Il est fâcheux qu’un ministre de la religion ait eu recours à un semblable moyen de défense. Il avait  à sa disposition tous les moyens convenables pour revenir à Beaumont. M. le Marquis ne lui aurait certainement pas refusé l’assistance de sa voiture et d’un conducteur ; et d’ailleurs la meilleure preuve qu’on pouvait très bien voyager, c’est que sa sœur lui avait envoyé  un cheval.

Le curé de Beaumont fait valoir un autre  moyen d’excuse qui ne doit pas obtenir plus de succès que le premier.

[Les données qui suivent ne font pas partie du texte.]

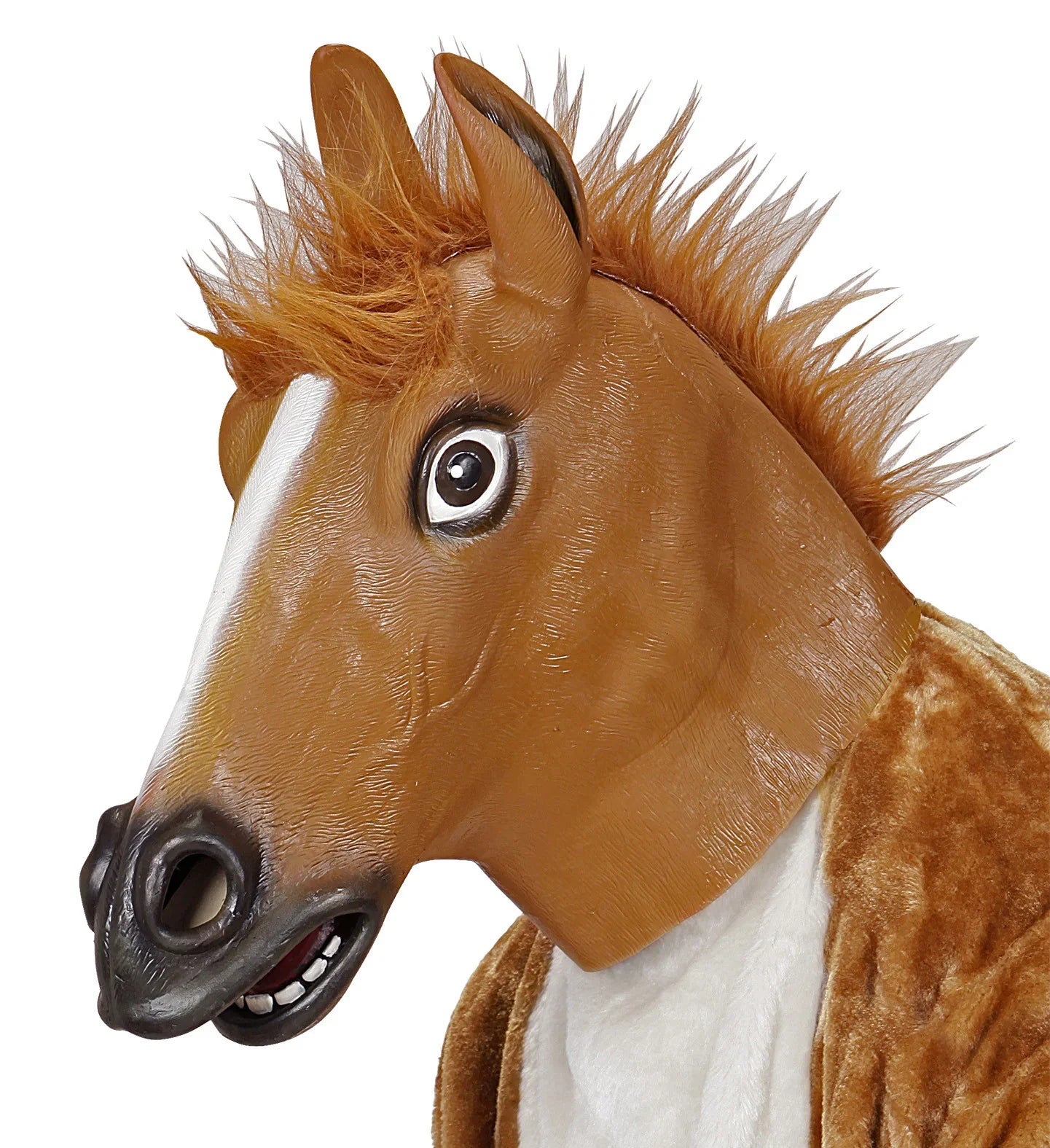 Máscara de Caballo Marrón de Látex con Pelo Complementos de Animales Widmann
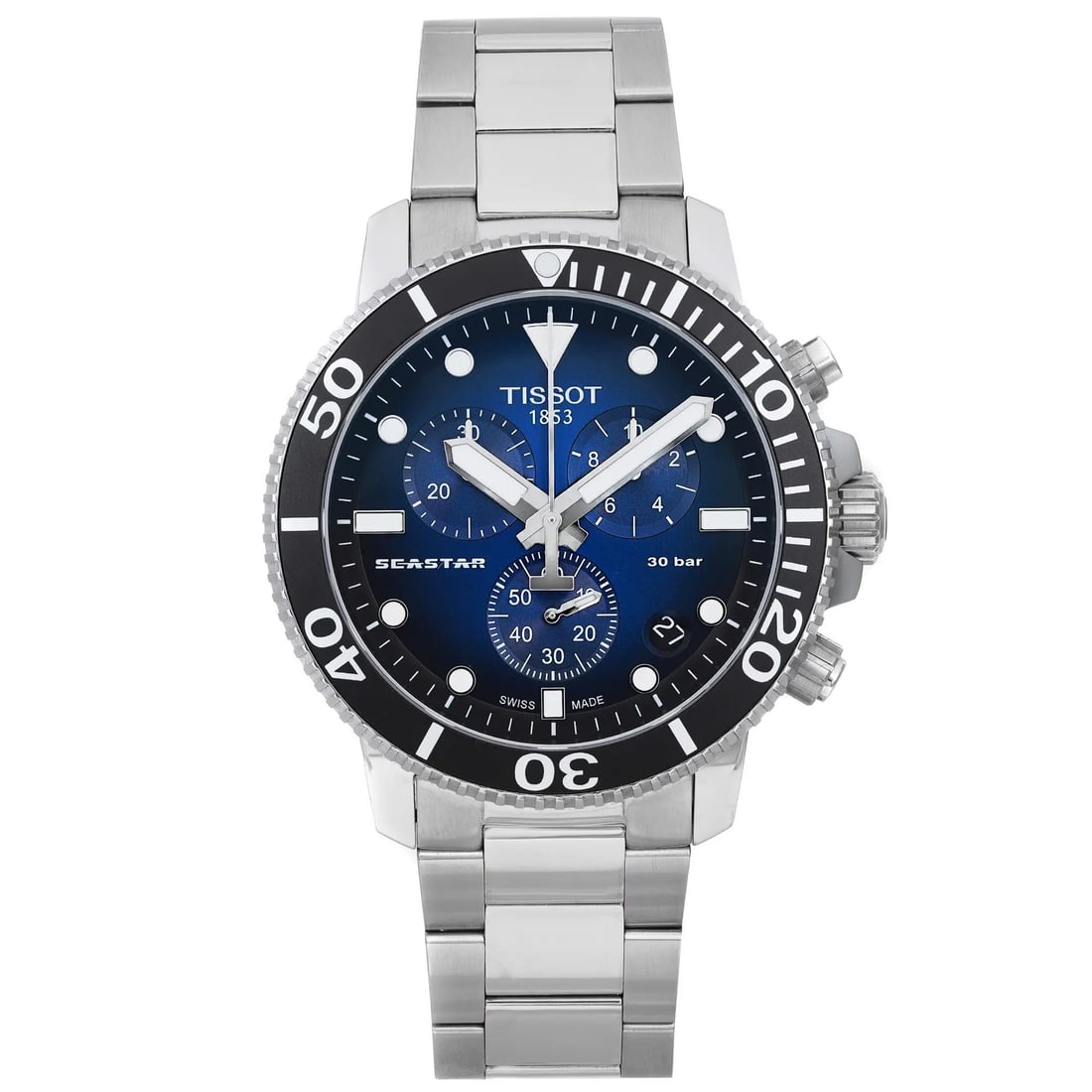 Tissot Seastar Steel 1000 Blue Gradient Dial Men's Watch T1204171104101: Tissot Seastar Steel 1000 Blue Gradient Dial Men's Watch T1204171104101 Discover the Tissot Seastar Steel 1000, a sophisticated wristwatch that combines functionality with elegant design. This timepie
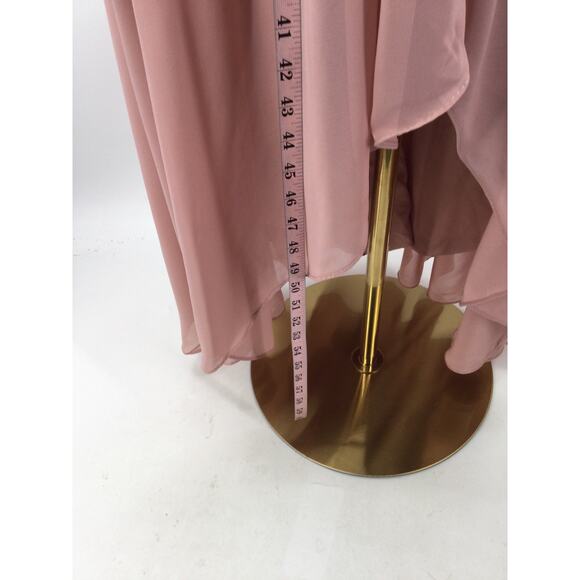 BRIDESMAID SZ 8 M Pink V-Neck Sleeveless Lace Up Hi-Low Maxi Dress NEW B126 - Picture 4 of 8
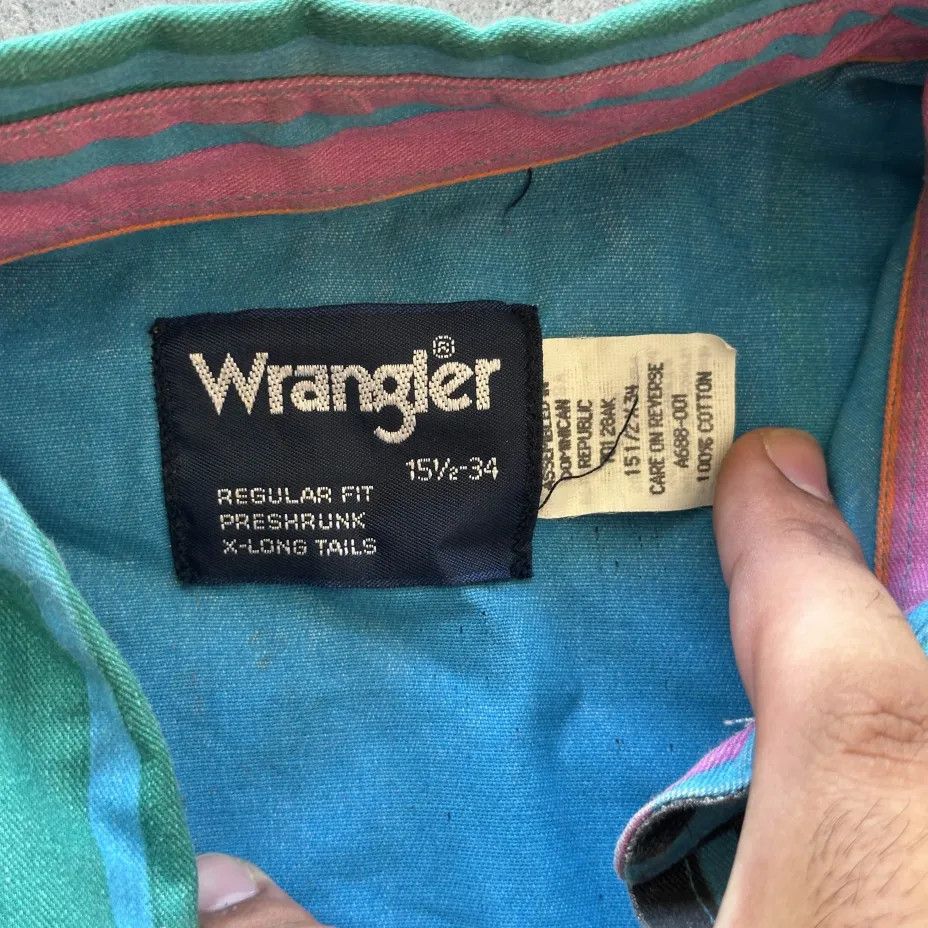 Wrangler Vintage Wrangler Brushpopper Western Striped Button Shirt Size US L / EU 52-54 / 3 - 4 Thumbnail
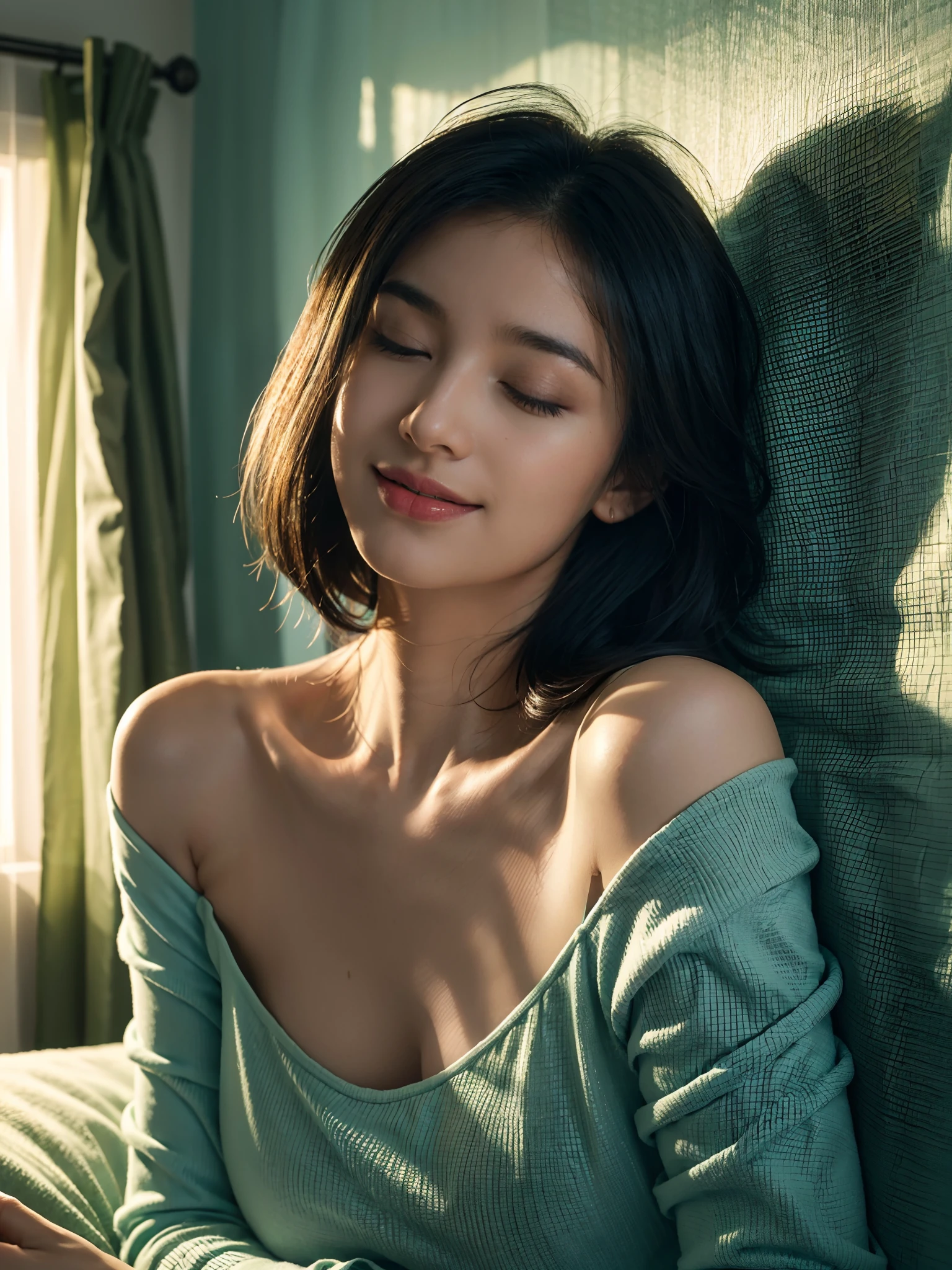 (shoulder-length straighthair: 1.2), Black hair,Upper body, （Extremely meticulous CG 8k wallpaper），（Extremely refined and beautiful），（Masterpiece），（best qualtiy：1.0），（Ultra High Resolution：1.0），beautiful light up，Perfect lightning，realistic shaded，[A high resolution]，Smooth and flawless fair skin，Extremely exquisite facial details，ultra - detailed，A  girl，Smile，cheerfulness，（white strappless top tank:1.1），（white shorts：1.1），big hips，Summer，Morning，Close Shot，obese body, big size, round face, double chin, overweight, holding her weight on her stomach，at home，in bedroom,blue green background,yellow curtain,lying on back in bed，Closed eyes, sleeping, fainting, enjoying a comfortable and intoxicated expression,mouth open, drooling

Il prétend que les années précédentes il avait annoncé la cérémonie et que personne ne s’y était rendu. Il paraît certain au contraire, ainsi que le prouve l’enquête, que le curé n’a ni annoncé ni célébré la cérémonie et que c’est le motif qui a empêché d’y assister.

Mais au fond, est-ce bien sérieusement qu’un prêtre viendrait prétendre qu’il pourrait se dispenser de dire une messe pour le Roi parce qu’il n’y aurait pas tels ou tels assistants ? Le but de l’auguste et sainte cérémonie annoncée par le prêtre se résumerait-il donc en une pompe purement mondaine ?

Vous ferez certainement voir ainsi toute notre répugnance à invoquer la bénédiction du Ciel sur la tête du monarque qui gouverne les destinées de la France avec tant de sagesse.

Il n’y avait qu’un moyen pour le curé de Beaumont de sortir honorablement  du mauvais pas dans lequel il s’était engagé si témérairement ; C’était d’avouer en toute humilité ses torts et d’en demander pardon à ses supérieurs et surtout à ses paroissiens.

Au lieu de cela il a cherché, par des démarches équivoques  et en semant sur la moralité des témoignages des doutes que des consciences peu éclairées pourraient mal interpréter à dissimuler la vérité.

Le Conseil Municipal croit de son devoir de signaler à l’autorité les faits et les observations qui précèdent en protestant contre les fausses excuses données par le sieur Dauphin, desservant de Beaumont. Cette démarche du Conseil Municipal est motivée par la crainte des fâcheuses conséquences que peut entraîner la conduite déplorable du curé Dauphin sur le moral de ses paroissiens.